Mexico’s greatest poet (but not according to him)

Jose_Emilio_Pacheco

Image taken from Wikimedia Commons.

Less than two weeks after the death of his close friend Juan Gelman, a fellow Cervantes Prize winner and near neighbour in the Condesa district of Mexico City, the great Mexican writer José Emilio Pacheco passed away on January 26, 2014.

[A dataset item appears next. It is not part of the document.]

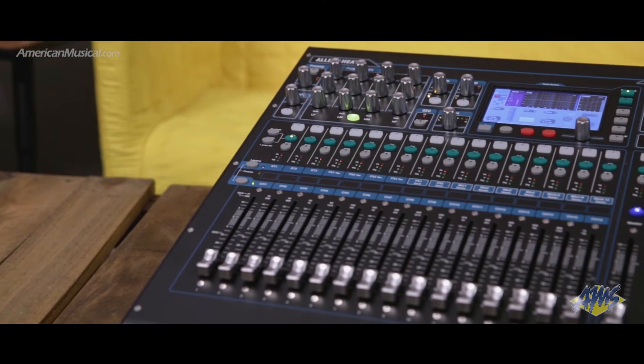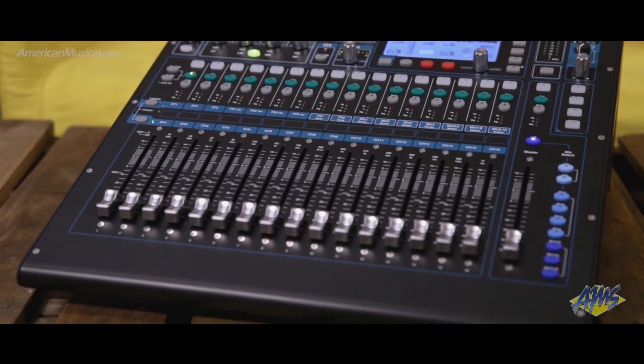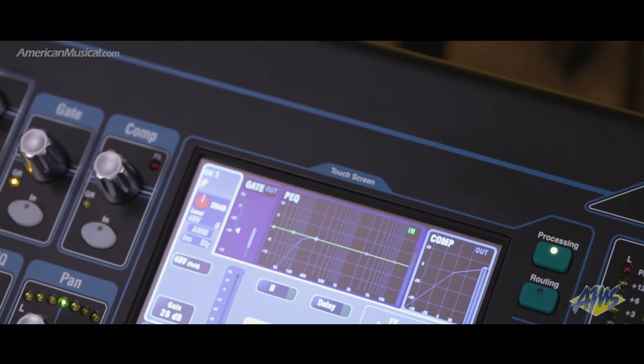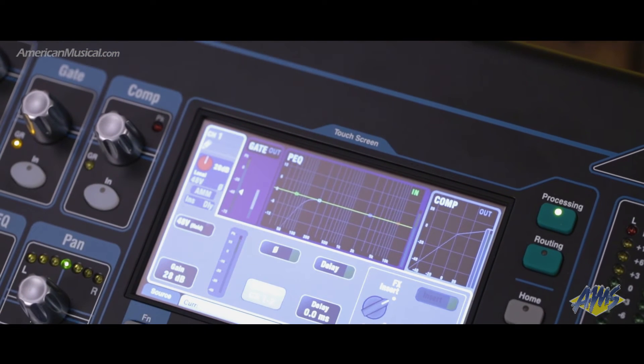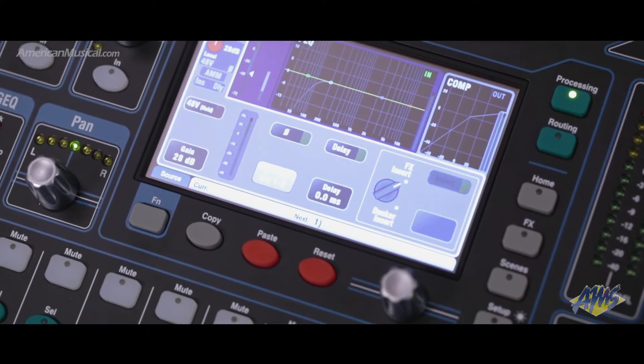The Q16C's SuperStrip section gives you real-time tactile control over pan, trim, EQ, and dynamics for every channel, and a 5-inch full-colour touch screen gives hands-on control over parameters for each input and output. The Q16C comes with a factory library of presets that have been developed in conjunction with major microphone manufacturers to give you a starting point for working with a wide range of instruments.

 Whilst Gelman (having very personal experience of the horrors of right-wing dictatorship) was outspoken in his left-wing allegiances, Pacheco was much more politically ambiguous and ambivalent in his writing. His most popular work, the novella Las batallas en el desierto (classmark: 9743.d.1564), looked back on a fictionalised adolescence during the post-war presidency of Miguel Alemán (1946-1952) – a period of great optimism, growth and development in Mexico’s history. However, rather than straightforward nostalgia, the story reveals the seeds of corruption and inequality that would come to trouble the country’s growing population throughout the 20th century.

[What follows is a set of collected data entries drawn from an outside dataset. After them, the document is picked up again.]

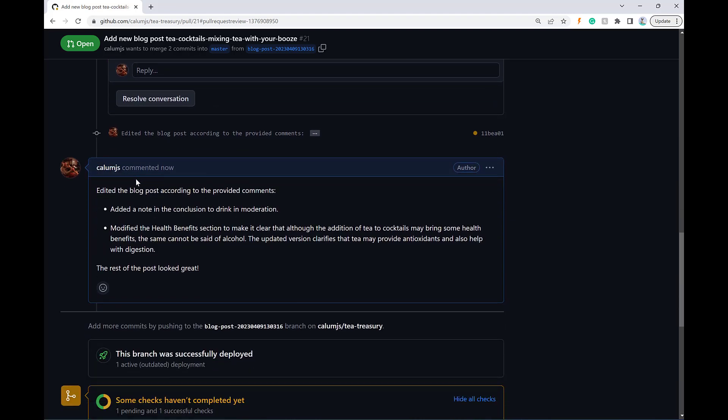So I know it says it's from me, but this is actually pushed by GPT. And it's just said what it did.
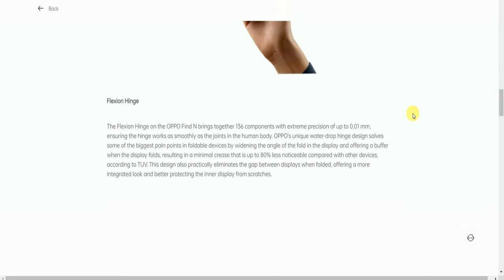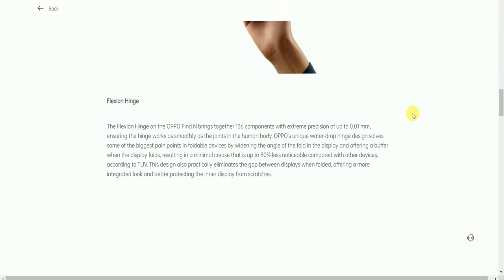The OPPO Find N brings together 136 components with extreme precision up to 0.01mm, ensuring the hinge works smoothly. OPPO's unique water drop hinge design solves one of the biggest pain points of foldable devices by widening the angle of the fold display, resulting in minimal creasing that is 80% less noticeable compared to other devices. This design also practically eliminates the gap between displays when folded, offering a more integrated look and better protecting the inner display from scratches.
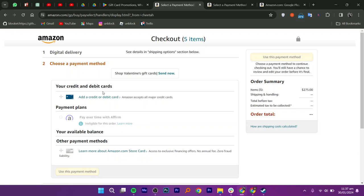Once your card has been successfully added, you can complete the purchase of your Google Play gift card.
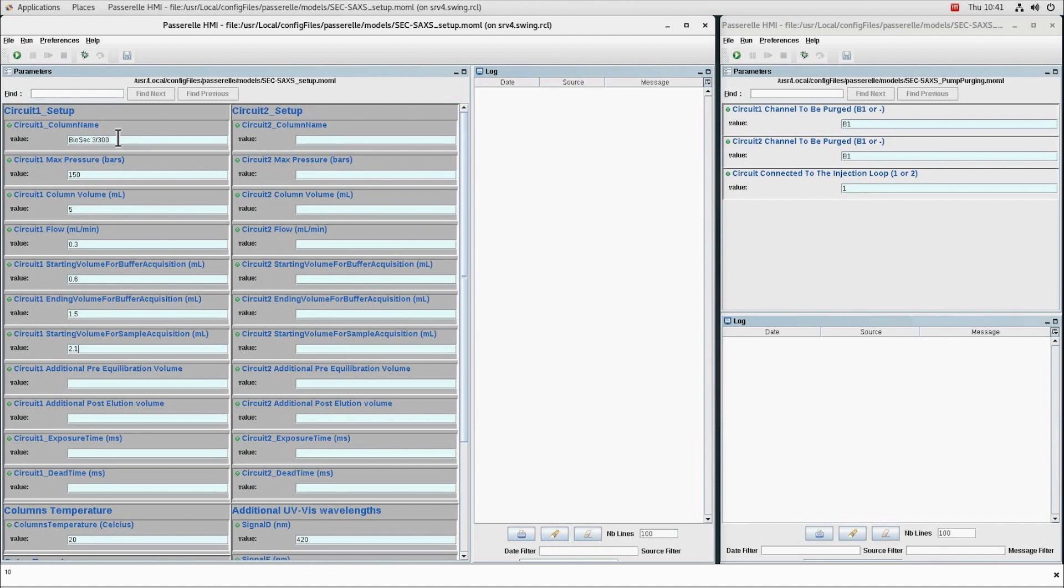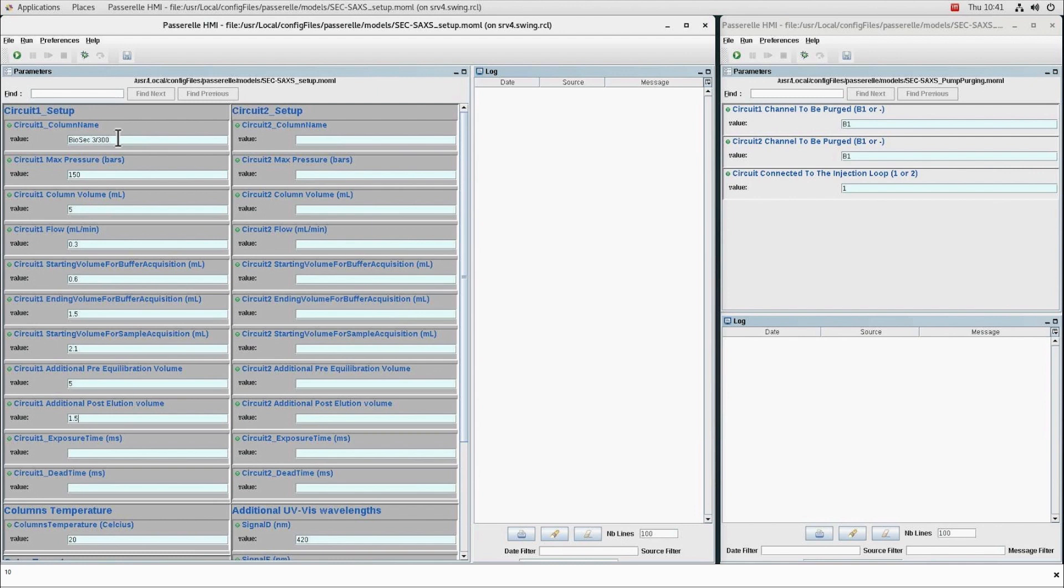And finally, an elution pre-equilibration time: an additional elution volume during which the elution continues without recording SAXS data. This is to ensure a stable baseline before the automatic injection of the next sample.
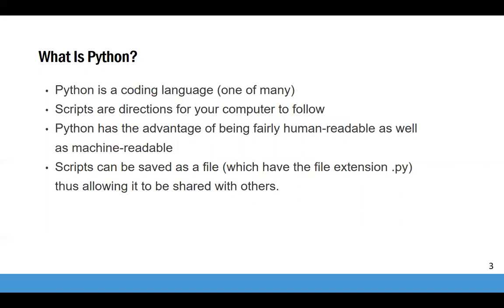We can use Python to write and run scripts. Scripts are basically text files containing programming statements intended to be read by computers. Python has the advantage of being fairly human readable as well as machine readable, compared to other programming languages like R. Once you have written something in Python and saved it as a script, you can execute it as many times as you like without having to retype the commands each time, and you can share it with others. You can recognize Python script files by the .py at the end of their file names.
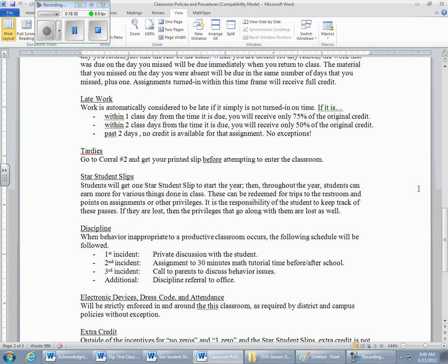Star student slips: students will get one star student slip to start the year, and throughout the year students can earn more for various things we do in class. These can be redeemed for trips to the restroom, points on assignments, or other privileges. It's the student's responsibility to keep track of these passes — if they're lost, the privileges are lost as well. I'll hand out slips at my discretion when you answer a question in class, get something right, or demonstrate knowledge. There's a schedule on the wall showing what you can redeem them for — points on homeworks, quizzes, tests, bathroom, charging your cell phone.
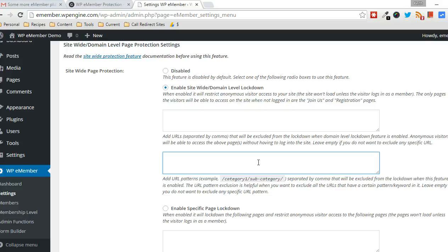And you can create multiple. And that way, if you only want certain sections of your page or certain sections of your website to be locked down from non-members, this is a very simple way to do it.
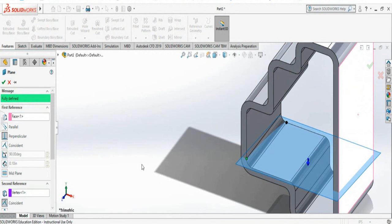This is how you can make so many ways to create a reference plane.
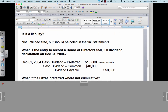Here is the journal entry on December 31st: debit Cash Dividend Preferred $10,000 — that's the $2,000 in arrears plus the $8,000 for this year. That leaves $40,000 for the common shareholders, so there's another debit for Cash Dividend Common $40,000. Then Dividend Payable — our liability account — is credited by $50,000.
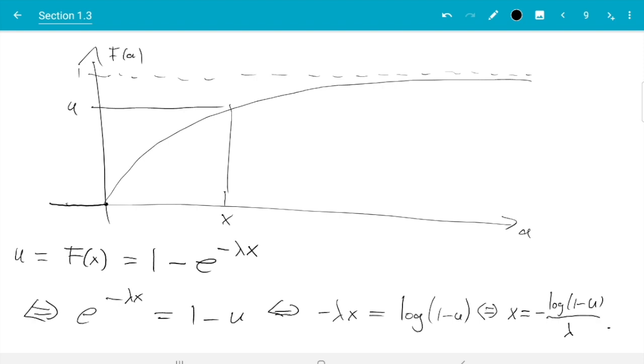Good. And now we know what to do. We generate u random standard uniform and plug it into this formula. And the x will be exponentially distributed. So let's try that out.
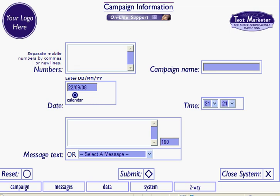Hello, this is the Quick Campaign tutorial. Quick Campaign allows you to quickly and easily send out text campaigns to either individual or thousands of numbers. So here's how it works.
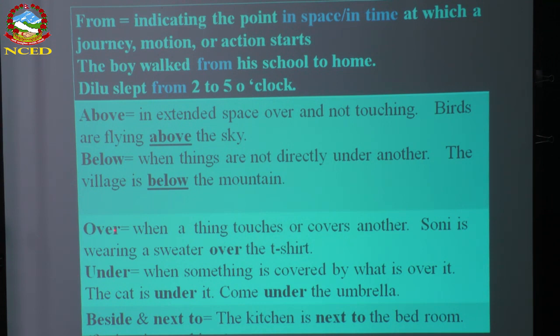Over is when a thing covers something — 'Sony is wearing a sweater over the t-shirt.' Under is used when something is covered by what is over it — 'the cat is under it,' 'come under the umbrella,' 'come under the blanket.' Beside and next to: beside is used for living things — 'Ram is beside Sam'; next to for non-living — 'the kitchen is next to the bedroom.'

 This duality is evident from the opening paragraphs of the story, where Pacheco follows a list of fondly-remembered childhood radio programmes by also recalling “It was the year of polio […] the year of the foot-and-mouth-disease […] the year of the floods” [from Katherine Silver’s translation in Battles in the desert & other stories, classmark: 744:79.d.95.30].

 Pacheco’s poetry formed the bulk of his literary oeuvre, and often commented on the ills and injustices of society and humanity (but never offered strident solutions or proclamations) in a precise and restrained style that reflected his personal diffidence.

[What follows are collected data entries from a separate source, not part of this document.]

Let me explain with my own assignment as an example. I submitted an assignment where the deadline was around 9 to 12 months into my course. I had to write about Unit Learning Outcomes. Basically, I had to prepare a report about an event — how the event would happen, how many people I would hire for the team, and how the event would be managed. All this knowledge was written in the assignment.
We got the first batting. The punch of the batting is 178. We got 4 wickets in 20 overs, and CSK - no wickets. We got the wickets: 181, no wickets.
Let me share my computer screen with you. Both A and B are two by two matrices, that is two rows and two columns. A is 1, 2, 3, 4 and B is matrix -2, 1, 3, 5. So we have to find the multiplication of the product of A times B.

He was often called Mexico’s greatest poet, but once said, in reference to Gelman, that he was not the greatest poet in his neighbourhood, let alone the whole country. He published vast quantities of poetry, but rather than forming Neruda-esque magnum opuses, these were generally compiled in an unpretentious and functional chronological form:

  • Desde entonces: poemas, 1975-1978 (classmark: 9743.d.1495)
  • Miro la tierra: poemas, 1983-1986 (classmark: 9743.d.1935)
  • El silencio de la luna: poemas 1985-1993 (classmark: 743:39.d.95.94)
  • Ciudad de la memoria: poemas, 1986-1989 (classmark: 1990.8.1693)
  • La arena errante: poemas, 1992-1998 (classmark: 9007.c.3026)
  • Siglo pasado (desenlace): poemas, 1999-2000 (classmark: 2002.8.3278)
  • Como la lluvia: poemas, 2001-2008 (classmark: 2010.9.158)

Intertextuality and the playful use of other writers’ work are prevalent throughout Pacheco’s poetry, as discussed in Carmen Dolores Carrillo Juárez’s book El mar de la noche : intertextualidad y apropiación en la poesía de José Emilio Pacheco (classmark: C206.c.8441). Ronald J. Friis notes in his book Jose Emilio Pacheco and the poets of the shadows (classmark: 743:4.c.200.10), regarding the gradual changes in the poet’s style throughout his oeuvre: “Pacheco’s search for a unique voice is always haunted and supplemented on the page by his knowledge of the impossibility of true originality”.

In a way, this literary viewpoint is reflected in some of the ideas he conveys about the futility of mankind and history. Pacheco frequently stressed the importance of remembering the past (in all its often unpleasant details), but – as Merlin H. Foster writes in Tradition and renewal: essays on twentieth-century Latin American literature and culture (classmark: 743:11.c.95.102) – was also “painfully aware of cyclic time and transitory human experience”. To quote Alastair Reid’s translation of an early poem in the collection Don’t ask me how the time goes by (classmark: 743:36.c.95.165): “I belong to a transitory time, to a world which crumbles before my eyes”.

In contrast to Pacheco’s own modesty regarding his literary abilities and accomplishments, readers and, especially, other writers have long held his work in extremely high regard. No lesser authorities than Octavio Paz and Mario Vargas Llosa comment on his writing in the collection José Emilio Pacheco ante la crítica (classmark: 743:4.d.95.13). He will be sorely missed by the literary community and world at large.